AMENDMENT NO. 4 TO ALLTEL CORPORATION BENEFIT RESTORATION PLAN (January 1, 1996 Restatement)
EX-10.L5 7 alltelexl5022007.htm AMENDMENT NO. 4 TO ALLTEL CORPORATION BENEFIT RESTORATION PLAN Unassociated Document
Exhibit 10(l)(5)
AMENDMENT NO. 4
TO
ALLTEL CORPORATION BENEFIT RESTORATION PLAN
(January 1, 1996 Restatement)
WHEREAS, Alltel Corporation (the "Company") maintains the Alltel Corporation Benefit Restoration Plan, as amended and restated effective January 1, 1996, and as subsequently amended (the "Plan"); and
WHEREAS, the Company desires further to amend the Plan;
NOW, THEREFORE, BE IT RESOLVED, that the Company hereby amends the Plan in the respects hereinafter set forth:
Effective as of June 22, 2006, a new Section 7.09 is added to the Plan to provide as follows:
7.09 Vesting upon Change of Control
(a) A Participant shall have a fully vested and nonforfeitable interest in his Profit-Sharing Plan Excess Benefit Plan Account, Thrift Plan Excess Benefit Plan Account, and the benefits under Article V upon a Change of Control as defined in Section 7.09(b). For purposes of determining the benefits under Article V upon a Change of Control, the following shall apply: (1) A Participant shall be considered eligible for the benefits under Article V without regard to whether the Participant is entitled to a vested Pension under the Pension Plan. (2) The reduction set forth in clause (ii) of Section 5.02 shall apply in determining the benefits under Article V regardless of whether the regular Pension payable to the Participant is vested under the Pension Plan.

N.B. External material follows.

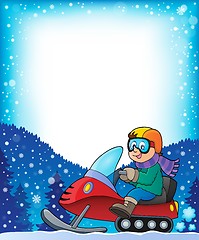 Image showing Frame with snowmobile theme 1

(b) "Change of Control" means:
(1) | Any individual, entity or group (within the meaning of Section 13(d)(3) or 14(d)(2) of the Securities Exchange Act of 1934, as amended (the "Exchange Act") (a "Person") becomes the beneficial owner (within the meaning of Rule 13d-3 promulgated under the Exchange Act) of 20% or more of either (A) the then-outstanding shares of common stock of the Company (the "Outstanding Company Common Stock") or (B) the combined voting power of the then-outstanding voting securities of the Company entitled to vote generally in the election of directors (the "Outstanding Company Voting Securities"); provided, however, that for purposes of this Section 7.09(b), the following acquisitions shall not constitute a Change of Control: (i) any acquisition directly from the Company, (ii) any acquisition by the Company, (iii) any acquisition by any employee benefit plan (or related trust) sponsored or maintained by the Company or any company controlled by, controlling or under common control with the Company or (iv) any acquisition by any corporation pursuant to a transaction that complies with Sections 7.09(b)(3)(A), (b)(3)(B) and (b)(3)(C); |
(2) | Any time at which individuals who, as of the date hereof, constitute the Board (the "Incumbent Board") cease for any reason to constitute at least a majority of the Board; provided, however, that any individual becoming a director subsequent to the date hereof whose election, or nomination for election by the Company's stockholders, was approved by a vote of at least a majority of the directors then comprising the Incumbent Board shall be considered as though such individual were a member of the Incumbent Board, but excluding, for this purpose, any such individual whose initial assumption of office occurs as a result of an actual or threatened election contest with respect to the election or removal of directors or other actual or threatened solicitation of proxies or consents by or on behalf of a Person other than the Board; |
(3) | Consummation of a reorganization, merger, statutory share exchange or consolidation or similar transaction involving the Company or any of its subsidiaries, a sale or other disposition of all or substantially all of the assets of the Company, or the acquisition of assets or stock of another entity by the Company or any of its subsidiaries (each, a "Business Combination"), in each case unless, following such Business Combination, (A) all or substantially all of the individuals and entities that were the beneficial owners of the Outstanding Company Common Stock and the Outstanding Company Voting Securities immediately prior to such Business Combination beneficially own, directly or indirectly, more than 50% of the then-outstanding shares of common stock (or, for a non-corporate entity, equivalent securities) and the combined voting power of the then-outstanding voting securities entitled to vote generally in the election of directors (or, for a non-corporate entity, equivalent governing body), as the case may be, of the entity resulting from such Business Combination (including, without limitation, an entity that, as a result of such transaction, owns the Company or all or substantially all of the Company's assets either directly or through one or more subsidiaries) in substantially the same proportions as their ownership immediately prior to such Business Combination of the Outstanding Company Common Stock and the Outstanding Company Voting Securities, as the case may be, (B) no Person (excluding any corporation resulting from such Business Combination or any employee benefit plan (or related trust) of the Company or such corporation resulting from such Business Combination) beneficially owns, directly or indirectly, 20% or more of, respectively, the then-outstanding shares of common stock of the corporation resulting from such Business Combination or the combined voting power of the then-outstanding voting securities of such corporation, except to the extent that such ownership existed prior to the Business Combination, and (C) at least a majority of the members of the board of directors (or, for a non-corporate entity, equivalent governing body) of the entity resulting from such Business Combination were members of the Incumbent Board at the time of the execution of the initial agreement or of the action of the Board providing for such Business Combination; or |
(4) | Approval by the stockholders of the Company of a complete liquidation or dissolution of the Company. |
(c) This Section 7.09 shall not apply to amounts deferred in taxable years beginning before January 1, 2005 (within the meaning of Section 409A of the Code).
IN WITNESS WHEREOF, the Company, by its duly authorized officer, has caused this Amendment No. 4 to the Alltel Corporation Benefit Restoration Plan (January 1, 1996 Restatement) to be executed on this 27 day of November, 2006.